(j3.2006) Integration of co-arrays with the intrinsic shift functions

Bill Long longb
Mon Jul 23 15:09:47 EDT 2007



Aleksandar Donev wrote:
>
>> How can you say that data parallel is not the place of Fortran?  It  
>> is already there!  Consider FORALL, WHERE, CSHIFT, EOSHIFT (perhaps  
>> even MATMULT), array notation, ...
>>     
> Yes, and it is still there on each image (which might have lots of internal 
> fine-grained parallelism). Data parallelism is great when it is easy to 
> express and when compilers can figure it out. The reason we are adding 
> *explicit* parallelism with explicit data distribution and flow control, is 
> to as to allow much more than that.  Also, IMHO, most of the above constructs 
> and intrinsics, other than array notation, are:
> 1) Not used heavily in real kernels due to differences in optimization among 
> compilers
> 2) Source of frustrations for the vendors trying to optimize bechmarks (matmul 
> being a famous monster) resulting in a waste of resources
> 3) Badly designed to do anything other than vanilla data-parallism (this is 
> why we added DO CONCURRENT even though we have FORALL).

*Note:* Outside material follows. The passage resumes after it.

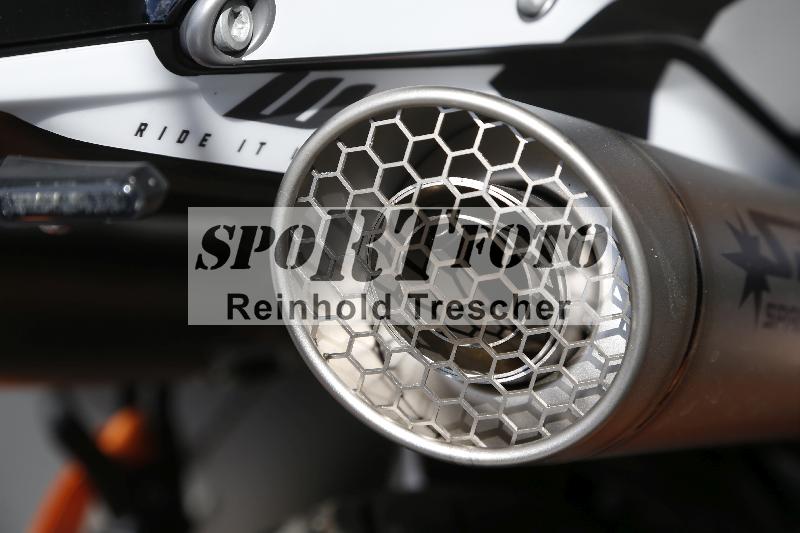 /15 13.05.2025 Max Racing ADR/Impressionen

> 4) Used most often as shortcuts for simple and short loops (this is a good 
> thing, but not a justification for a major change to co-arrays at this date).
>
>
>   
To expand on what Aleks is illuminating above, the basic problem with 
the simple data parallel programming model is that most problems are not 
easily adapted to this structure.  That's the fundamental reason why the 
CM-5 failed and one of the two major reasons HPF failed.  (The other was 
that no one could ever figure out what happened to a distributed array 
at a call site.)   People were just not willing to morph their problem 
into one of processing global arrays.  Even in cases (large rectangular 
data grids) where you might think global arrays are the clear answer, 
the programming is still simpler with the current co-array model.  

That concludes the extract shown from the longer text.